== SOURCE DATA ==
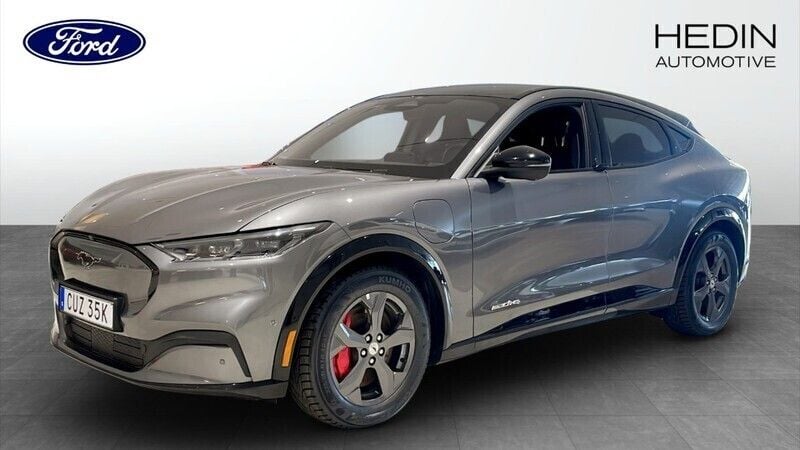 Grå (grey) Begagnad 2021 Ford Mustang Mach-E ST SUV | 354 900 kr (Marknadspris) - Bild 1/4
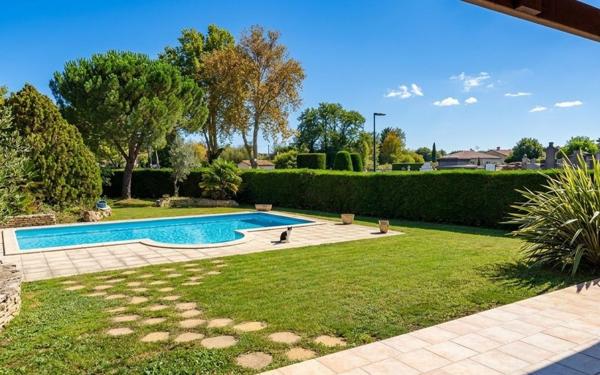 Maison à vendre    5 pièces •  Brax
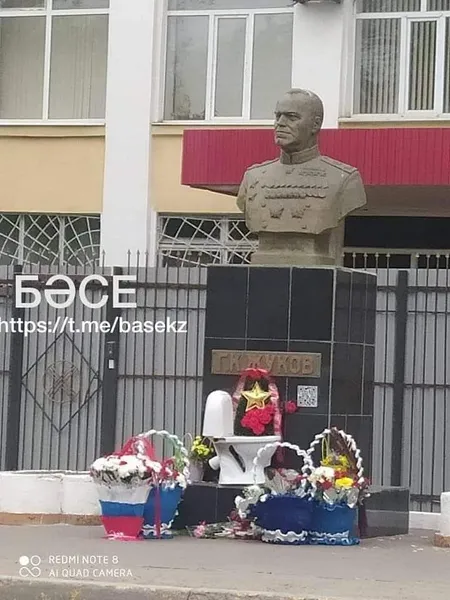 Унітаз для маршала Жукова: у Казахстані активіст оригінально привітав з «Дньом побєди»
...
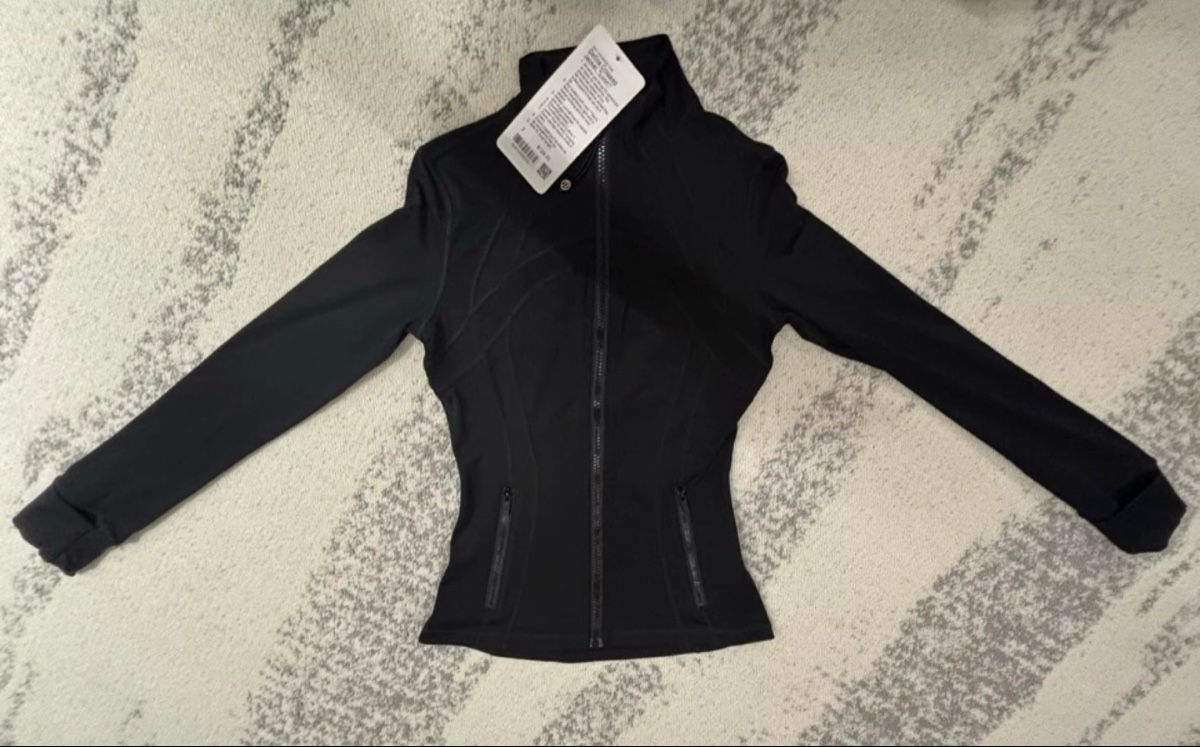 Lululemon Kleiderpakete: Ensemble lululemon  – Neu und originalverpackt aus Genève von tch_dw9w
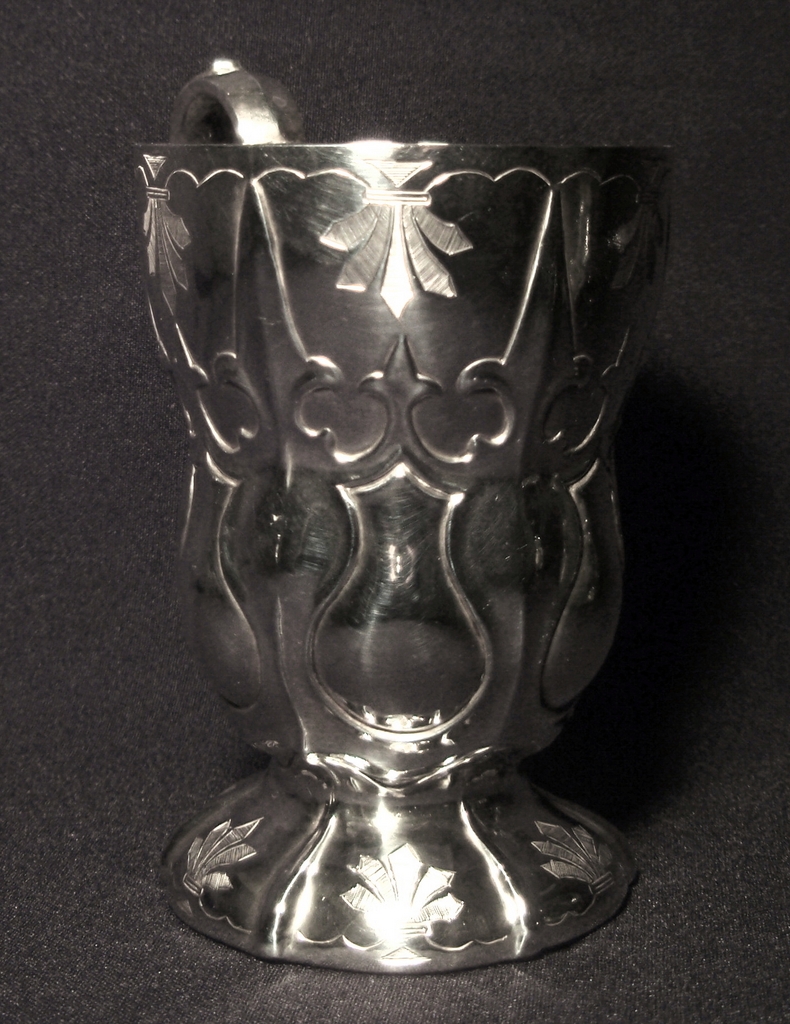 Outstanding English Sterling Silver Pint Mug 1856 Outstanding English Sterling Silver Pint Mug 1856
...
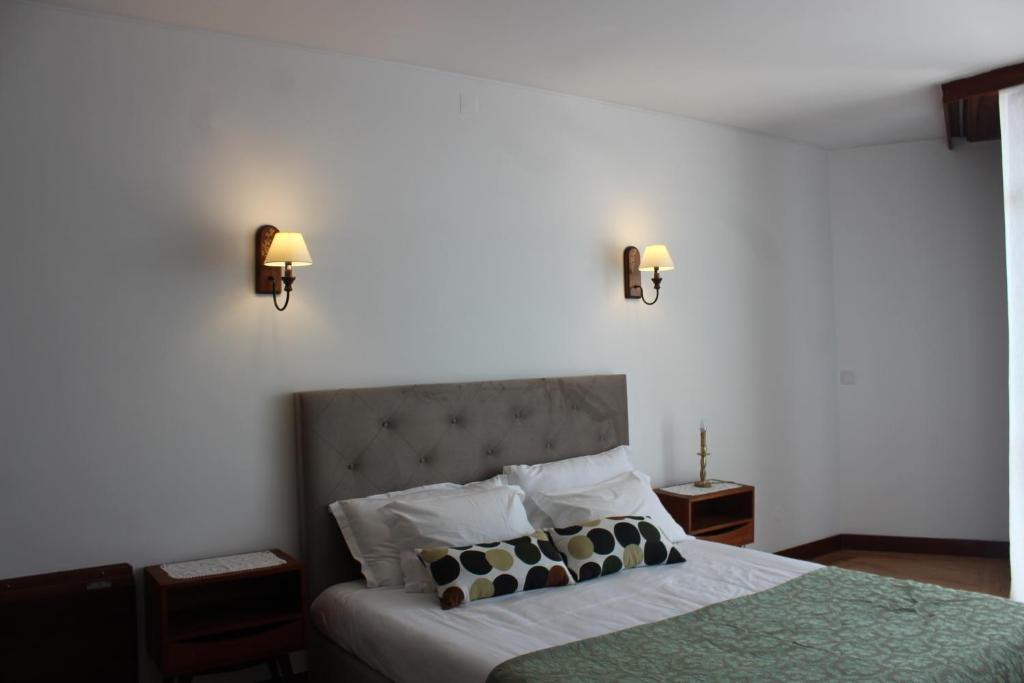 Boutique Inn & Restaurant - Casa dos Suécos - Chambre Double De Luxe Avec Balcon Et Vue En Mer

== WHAT TO PRODUCE ==
Using the records above, return word for word the lines that begin at the one containing "Lululemon Kleiderpakete: Ensemble" and end at the one containing "Outstanding English Sterling Silver Pint Mug 1856 Outstanding", both of them included and no pictures.

== OUTPUT OF THE EXERCISE ==
 Lululemon Kleiderpakete: Ensemble lululemon  – Neu und originalverpackt aus Genève von tch_dw9w
 Outstanding English Sterling Silver Pint Mug 1856 Outstanding English Sterling Silver Pint Mug 1856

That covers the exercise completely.